To investigate the stability of post-termination 80S ribosomes, 3.75 nM SDG-purified pre-TCs were incubated for 10 min at 37°C with 1.25 µM eRF1 alone, 100 nM eRF1 together with 100 nM eRF3, 100 nM eRF1(AGQ) together with 100 nM eRF3, or 1 mM puromycin in the presence/absence of 75 nM eIF3, 250 nM eIF1, 250 nM eIF1A, 100 nM eEF2, 100 nM ABCE1, 75 nM tRNAiMet, 75 nM tRNAHis or 75 nM tRNALys in 40 µl buffer A (20 mM Tris, pH 7.5, 100 mM KCl, 0.25 mM spermidine, 2 mM DTT) supplemented with 0.5 mM GTP and 0.5 mM ATP, or with 0.4 mM GTP, GDP, GDPNP or ATP and corresponding amounts of MgCl2 to achieve the free [Mg2+] indicated on each panel. The resulting ribosomal complexes were analyzed by primer extension (Pisarev et al., 2010). For analysis by RelE, ribosomal complexes were incubated with 40 pmol RelE for 10 min at 37°C. mRNA was then phenol-extracted and subjected to primer extension.
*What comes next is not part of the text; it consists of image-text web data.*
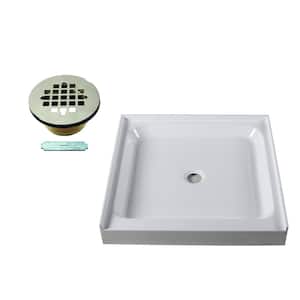 36 in. L x 36 in. W Single Threshold Alcove Shower Pan Base with Center Brass Drain in Satin Nickel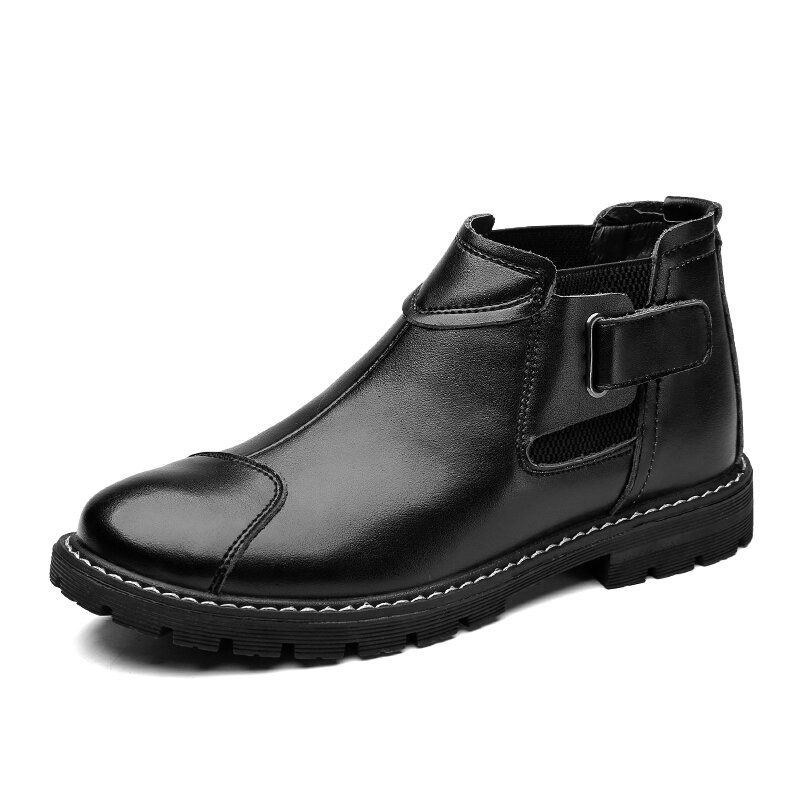 Herr Läder Spetsad Tå Halkfri Mjuk Sula Trendiga Chelsea Casual Boots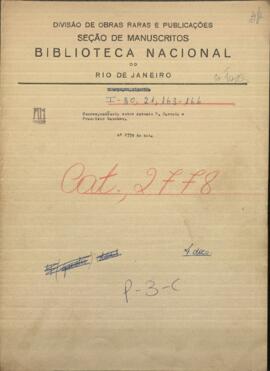 Correspondencia entre Antonio F. Caravia y Francisco Sanchez, Ministro de Gobierno de Paraguay.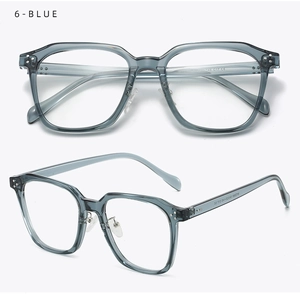 Detail view of blue TR90 square eyeglass frames with soft nose pads and CE marking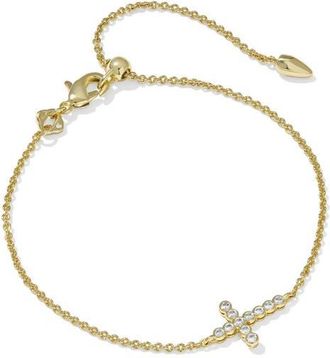 Kendra Scott Cross Crystal Tennis Bracelet in Gold at Nordstrom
To investigate reinitiation by recycled 40S subunits, 3.75 nM SDG-purified pre-TCs were incubated for 10 min at 37°C with 100 nM eRF1 together with 100 nM eRF3, 1.25 µM eRF1 alone, or 1 mM puromycin in the presence of different combinations of 150 nM ABCE1, 100 nM eIF2, 75 nM eIF3, 250 nM eIF1, 250 nM eIF1A, 375 nM eIF4A, 100 nM eIF4B, 250 nM eIF4F, 250 nM eIF4G736-1115, 250 nM eIF4G653-1599, 250 nM eIF3j, 125 nM Ligatin, 125 nM in vitro transcribed Met-tRNAiMet, 15–150 nM (CAA)n-GUS mRNA, 50 nM 60S subunits, 100 nM eEF1H, 250 nM eEF2 and 125 nM Val-tRNAVal in 40 µl buffer A supplemented with 0.2 mM GTP and 0.2 mM ATP and corresponding amounts of MgCl2 to achieve the free [Mg2+] indicated on each panel. Resulting ribosomal complexes were analyzed by primer extension.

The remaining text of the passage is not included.